So… Bob found God.
And, as always, when Dylan gets into something he gets really into it. But he must’ve know this Jesus thing was going to be a tough sell, so he hired Jerry Wexler to produce and Mark Knopfler to guest on what would turn into Slow Train Coming. And it worked. Maybe people were so glad that the album wasn’t recorded in a rush and turned into a half-hearted mess, like the last album Street Legal that they were willing to overlook the preachiness of the songs. At least Bob sounds really excited and invested in what he was singing about for a change.
But as Bob refused to play any of his secular tunes in concert, and a second album of gospel titled Saved came out, the patience of the audience and the critics quickly waned. It didn’t help that Saved ended up with nearly as muddy of a mix as Street Legal. The tide had turn on Dylan’s born-again period.

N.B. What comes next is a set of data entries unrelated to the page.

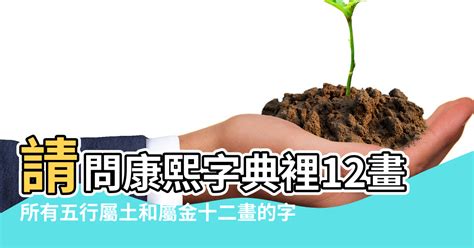 屬金名字|康熙字典五行屬金的字 共892個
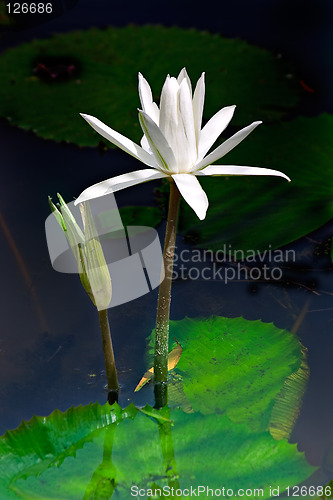 Image of Waterlilly and Bud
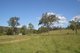 Photo - Lot 73 Linville Road, Linville QLD 4314 - Image 6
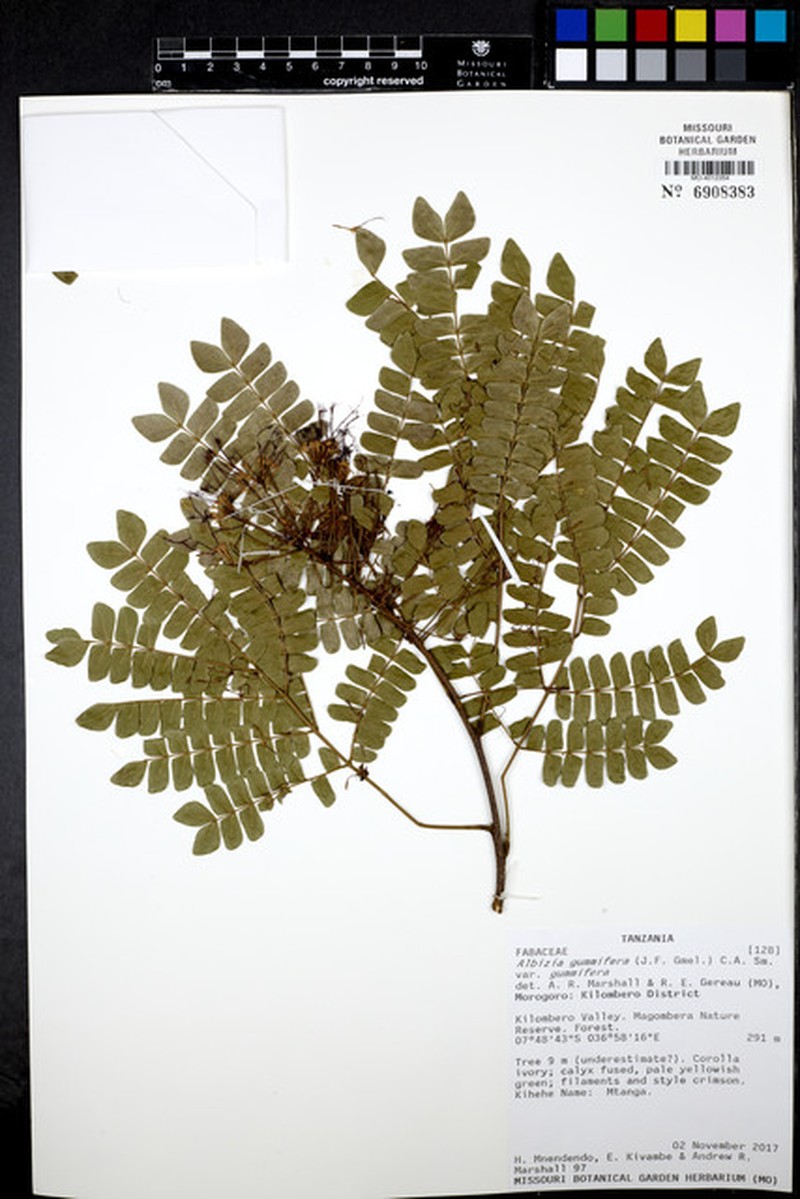 Albizia gummifera var. gummifera photo 4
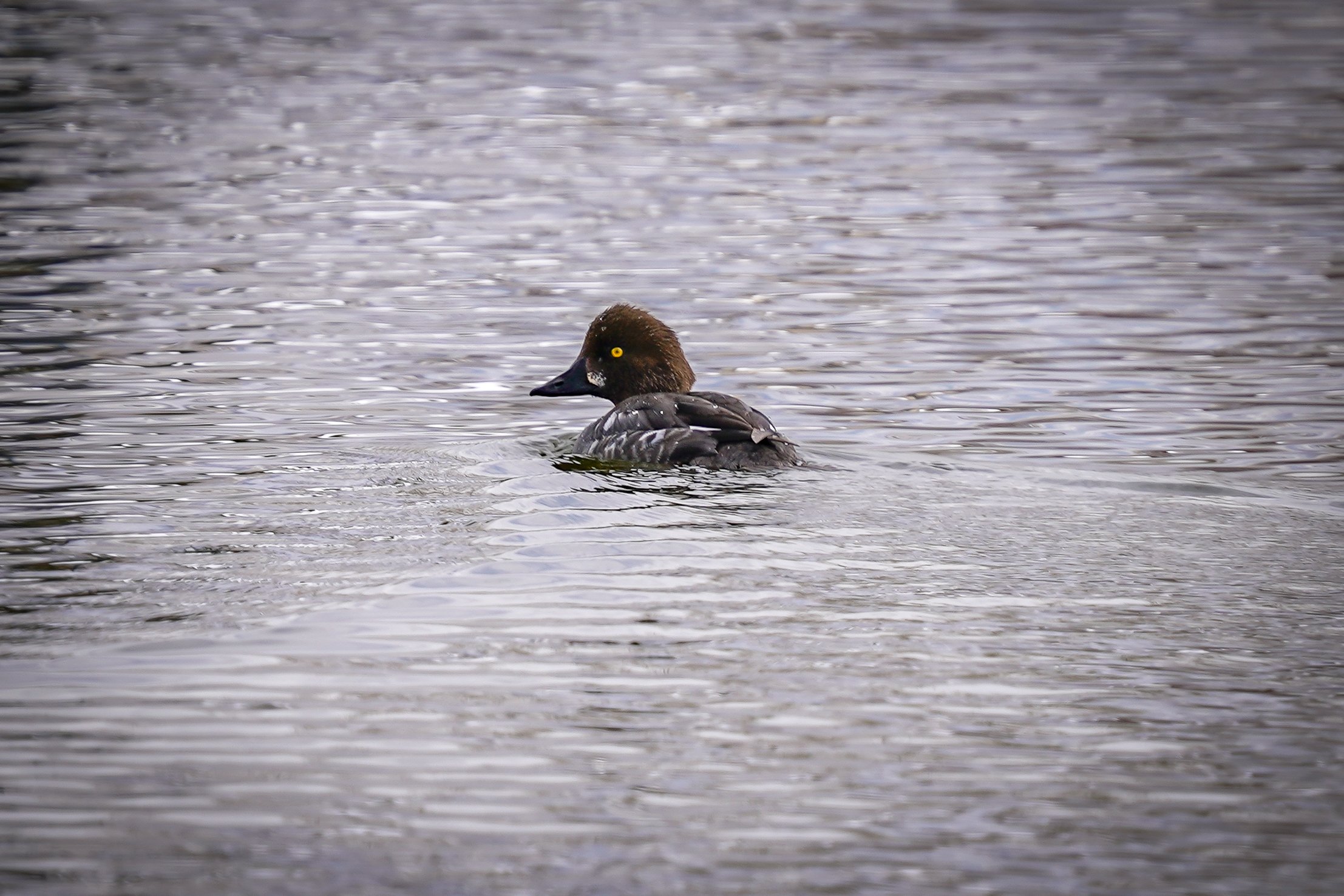 Common Goldeneye hen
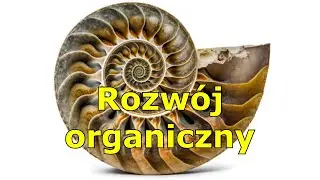 Zapasowy termin Paschy (Lb 9, 1-14)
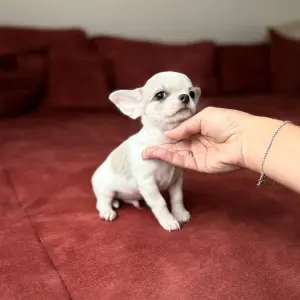 Чихуахуа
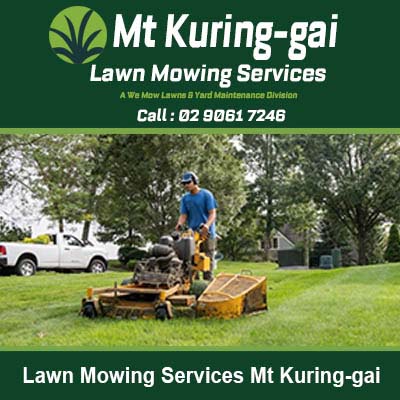 Worker operating mower on large lawn in Mt Kuring-gai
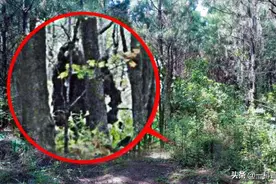神农架野人真的存在？深处为何被列为禁区？中国三次考察揭开真相图片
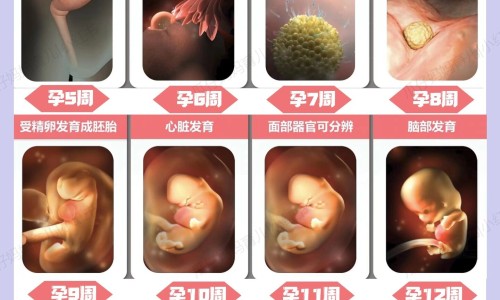 做梦身上扎好多针网—知名的做梦身上扎好多针好不好网站,分享做梦身上扎好多针好不好知识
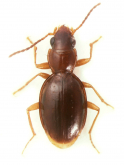 Orzolina thalassophila Machado, 1987
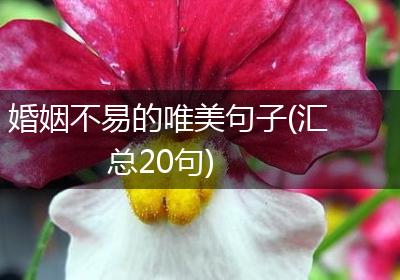 婚姻不易的唯美句子(汇总20句)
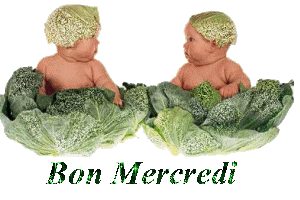 Gif animé Bon mercredi bébés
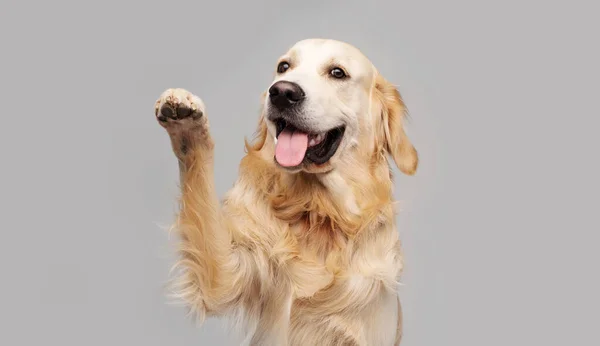 Golden retriever dog doing trick — Stock Photo, Image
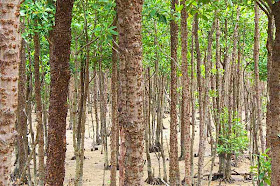 trees, mangroves forest, low tide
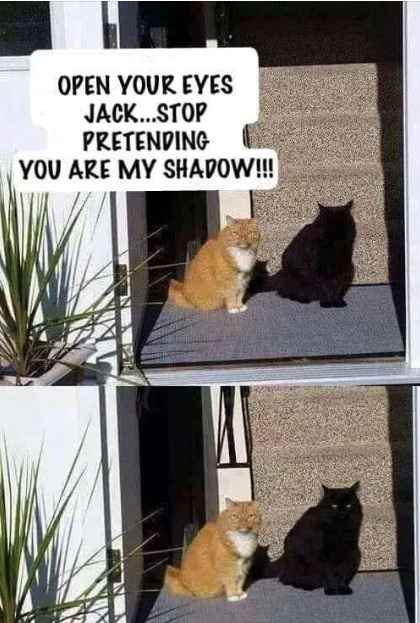 OPEN YOUR EYES JACK...STOP PRETENDING YOU ARE MY SHADOW!!!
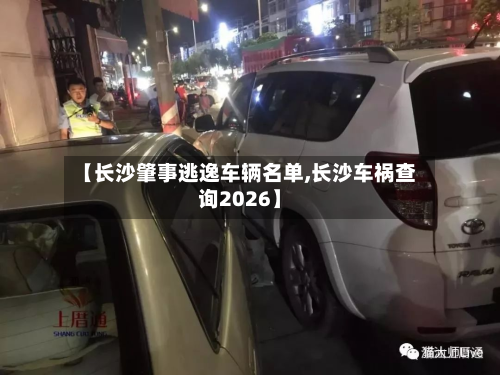 【长沙肇事逃逸车辆名单,长沙车祸查询2026】-第2张图片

By the third album, even Dylan was getting a little tired of this. Older, non-Jesus songs were popping up in the live set again. And the third album in his Christian trilogy, featured straight-forward love songs like Heart Of Mine and even a whole song about decidedly non-christian comic, Lenny Bruce.
And then just like that – without any announcement or fanfare – the Christian period was over and Bob never really addressed it again. Did he still believe, and was just not singing about it anymore? Or did something happen that made him question, or even renounce, his faith? Who knows?
But coming into the eighties, Bob wasn’t quite sure who or what he was making music far any more. As a result, this born-again period soon looked back on with an air of wistfulness.